Hier sind 10 wichtige Gartenarbeiten im September:
Rhabarber pflanzen und umsetzen
Der Herbst – insbesondere September und Oktober – ist die beste Zeit, um Rhabarber neu zu pflanzen oder umzusetzen. Die Staude steht gern sonnig bis halbschattig, bevorzugt tiefgründigen, lockeren und humusreichen Boden. Beim Umsetzen ältere Stauden teilen und darauf achten, dass jede Teilwurzel mindestens eine kräftige Knospe besitzt. Nach dem Einsetzen die Pflanze gut angießen und für eine ertragreiche Ernte im nächsten Jahr im Frühjahr mit Kompost versorgen.
Neue Obstgehölze pflanzen
Frisch gepflanzte Obstgehölze haben im Herbst beste Startbedingungen. Der Boden ist noch warm, die Wurzelbildung wird unterstützt. Vor dem Pflanzen lohnt sich eine genaue Bodenprüfung, insbesondere der pH-Wert sollte passend zu Apfel, Birne & Co. gewählt werden. Obstgehölze jetzt setzen, ordentlich wässern und eine Mulchschicht aufbringen, schützt die jungen Pflanzen vor Winterstress. Jetzt aber nicht mehr düngen – das Holz sollte ausreifen und robust in die kalte Jahreszeit gehen.

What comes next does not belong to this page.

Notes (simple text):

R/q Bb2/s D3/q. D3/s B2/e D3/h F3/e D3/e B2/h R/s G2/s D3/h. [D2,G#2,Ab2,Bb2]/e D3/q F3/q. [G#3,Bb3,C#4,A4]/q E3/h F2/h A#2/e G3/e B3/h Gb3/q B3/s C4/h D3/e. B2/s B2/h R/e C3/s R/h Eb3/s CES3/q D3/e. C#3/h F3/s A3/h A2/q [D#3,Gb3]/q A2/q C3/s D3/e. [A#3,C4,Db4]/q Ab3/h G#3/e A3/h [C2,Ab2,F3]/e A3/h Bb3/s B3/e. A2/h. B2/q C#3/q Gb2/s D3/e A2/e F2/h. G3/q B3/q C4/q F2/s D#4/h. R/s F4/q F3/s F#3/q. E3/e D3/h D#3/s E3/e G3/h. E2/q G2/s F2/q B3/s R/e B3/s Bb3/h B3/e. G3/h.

Nach der Ernte – Bodenanalyse, Prüfung, Verbesserung
September ist der ideale Zeitpunkt, um den Gartenboden zu prüfen und gezielt zu verbessern. Eine Bodenanalyse bringt Klarheit über Nährstoffgehalt der Hauptnährstoffe, den Humusgehalt und den pH-Wert und – je nach Anbieter – auch Spurenelemente, Schwermetalle oder Schadstoffe. Für die Probe werden an mehreren Stellen kleine Bodenproben entnommen und entweder mit Testkits oder im Labor analysiert. Kompost und organische Dünger verbessern grundsätzlich die Bodenstruktur und fördern das Bodenleben. Fließen nun auch noch die Erkenntnisse aus der Bodenanalyse mit ein kann das Beet mit gezielten Maßnahmen optimal für Herbstpflanzungen oder auch schon fürs nächste Jahr vorbereitet werden. Besonders nach der Ernte lohnt es sich, ausgelaugte Flächen zu lockern und mit Mulch zu schützen, oder mit einer Gründüngung zu unterstützen – dann startet das nächste Gartenjahr mit frischer Kraft.

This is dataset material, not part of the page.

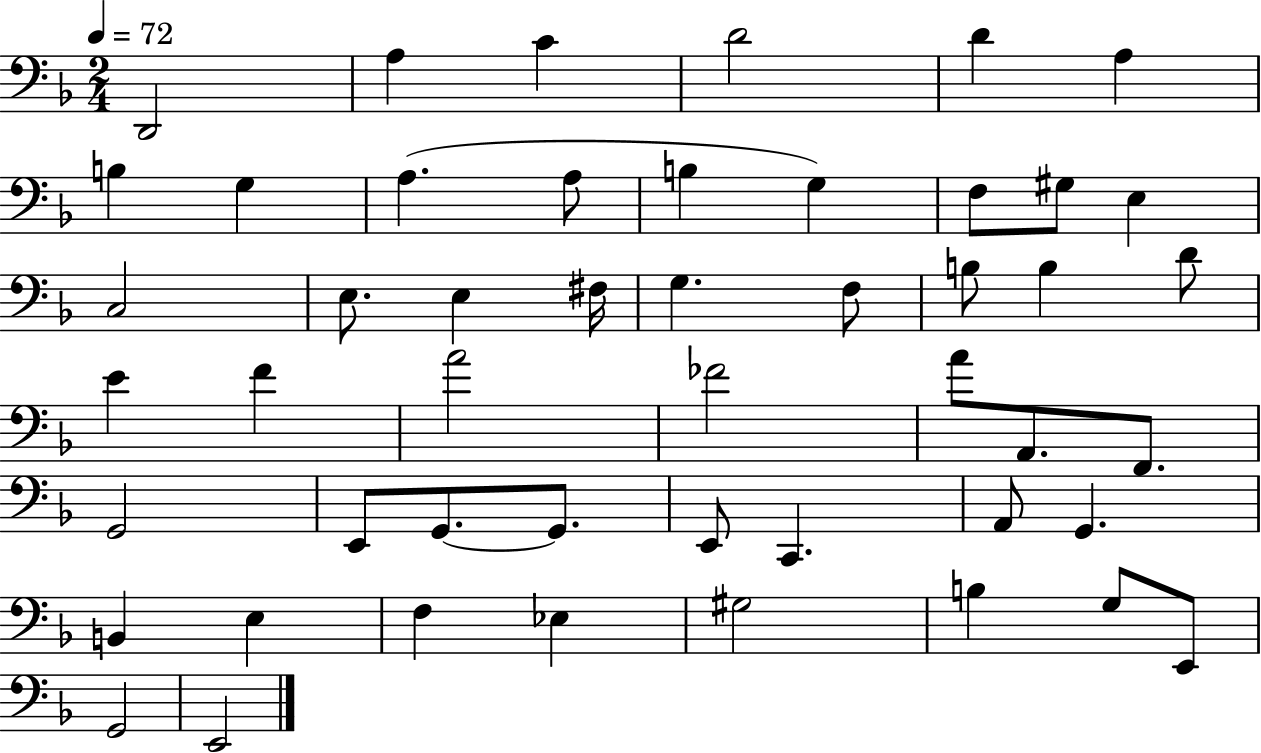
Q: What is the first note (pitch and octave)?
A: D2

Nach der Ernte – Bodenpflege
Aufbauend auf den Ergebnissen der Bodenanalyse können weitere Maßnahmen der Bodenpflege vorgenommen werden.
Gründüngung vornehmen: Ausführlicher im folgenden Abschnitt.

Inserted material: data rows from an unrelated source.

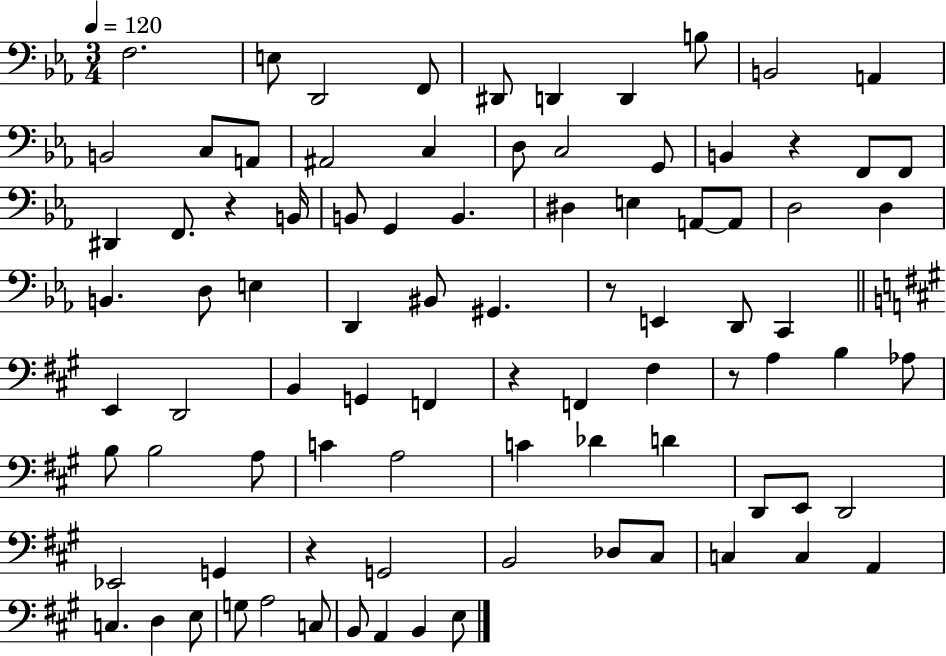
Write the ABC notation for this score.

X:1
T:Untitled
M:3/4
L:1/4
K:Eb
F,2 E,/2 D,,2 F,,/2 ^D,,/2 D,, D,, B,/2 B,,2 A,, B,,2 C,/2 A,,/2 ^A,,2 C, D,/2 C,2 G,,/2 B,, z F,,/2 F,,/2 ^D,, F,,/2 z B,,/4 B,,/2 G,, B,, ^D, E, A,,/2 A,,/2 D,2 D, B,, D,/2 E, D,, ^B,,/2 ^G,, z/2 E,, D,,/2 C,, E,, D,,2 B,, G,, F,, z F,, ^F, z/2 A, B, _A,/2 B,/2 B,2 A,/2 C A,2 C _D D D,,/2 E,,/2 D,,2 _E,,2 G,, z G,,2 B,,2 _D,/2 ^C,/2 C, C, A,, C, D, E,/2 G,/2 A,2 C,/2 B,,/2 A,, B,, E,/2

Kompost ausbringen: Jetzt ist ein idealer Zeitpunkt, um gut verrotteten Kompost auf abgeerntete Flächen auszubringen. Kompost verbessert die Bodenstruktur, versorgt den Boden mit Nährstoffen und fördert Humusbildung sowie die Aktivität von Regenwürmern und Bodenmikroorganismen. Das Wirken letzterer trägt auch zu einem lockereren Boden und einer verbesserten Bodenstruktur bei.
Boden mulchen: Offene Flächen lassen sich auch mit Mulchmaterial wie Grasschnitt oder gehäckselten Pflanzenresten bedecken. Das erhält die Feuchtigkeit, schützt die Bodenstruktur, fördert das Bodenleben und verhindert eine Austrocknung und Erosion.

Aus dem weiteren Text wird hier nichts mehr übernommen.